Now looking at the given problem, let us assume that it is possible to arrange 1995 numbers in a circle such that every adjacent pair has a prime ratio between them. From what we've shown above, that means that if one of the numbers has an even sum of exponents of its prime factors, it must be located between two numbers with an odd sum of exponents. To use TheBestMagician's notation, a number that gets coloured red will be placed between numbers that are coloured blue and vice versa.
But that's a problem. Let's label the numbers $n_1, n_2, \ldots, n_{1995}$ going clockwise around the circle from some point. If $n_1$ is red, then $n_2$ must be blue, then $n_3$ is red, and so on. Going all the way around, we'll get to $n_{1995}$ which will be red - but then it's next to $n_1$, which is also red, which isn't allowed. If $n_1$ is blue instead, we get the same problem - we're forced to put two numbers with the same "colour" together, meaning that the sum of their prime exponents has the same parity, meaning that their ratio is not a prime number.
So we reached a contradiction, which breaks the assumption we made that such an arrangement is possible, and hence no such arrangement exists, and in fact this is always true whenever there are an odd number of numbers being placed.

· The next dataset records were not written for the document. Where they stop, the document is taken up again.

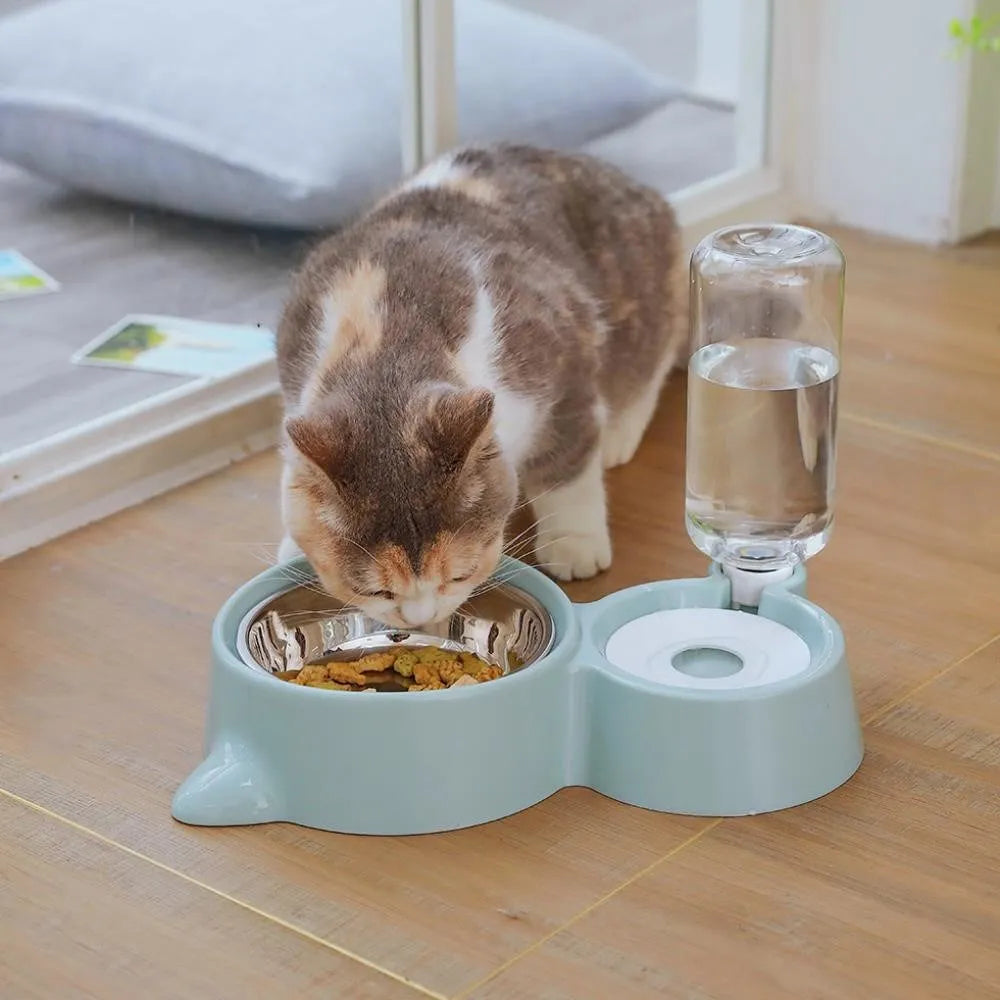 2-in-1 Cat Bowl & Automatic Water Dispenser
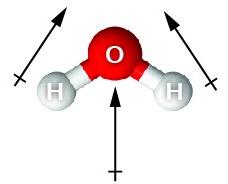 Bond dipole moments in water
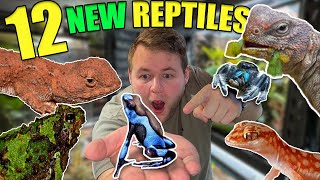 12 NEW ADDITIONS to the REPTILE ROOM [upl. by Hackathorn144]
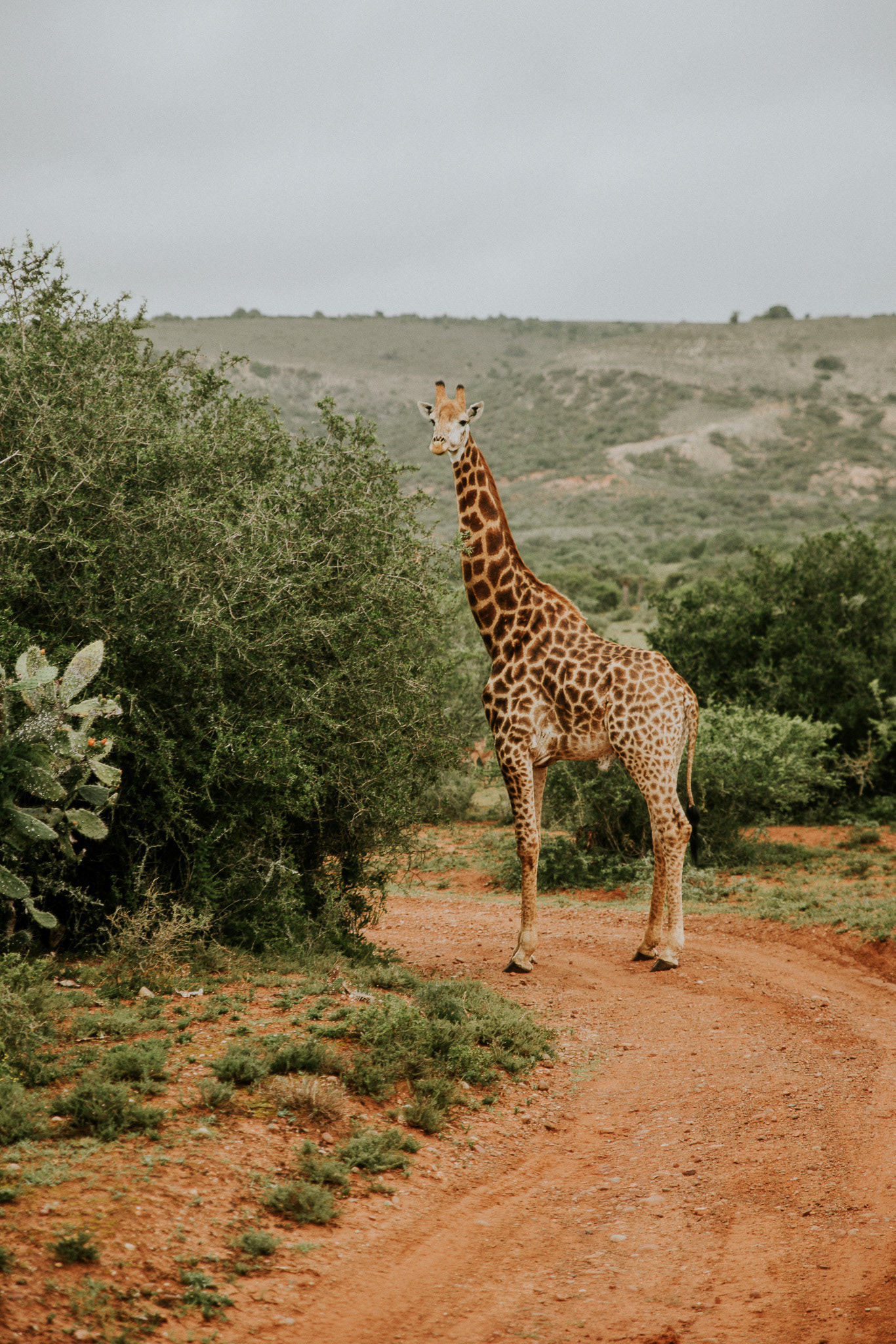 Giraffen in der südafrikanischen Wildnis – anmutige Tiere grasen friedlich in der weiten Savannenlandschaft.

If we're placing an even number of numbers around the circle - say, 1996 - then it is possible as long as we choose our numbers carefully. Essentially we note that as we go clockwise we will either multiply by or divide by a prime number, and to ensure that we can loop back to the start we need to make sure that every number we multiply by gets divided back out at some point (e.g. if $n_2 = 7 n_1$, then further around the circle we will have $n_{i+1} = \frac{1}{7} n_i$).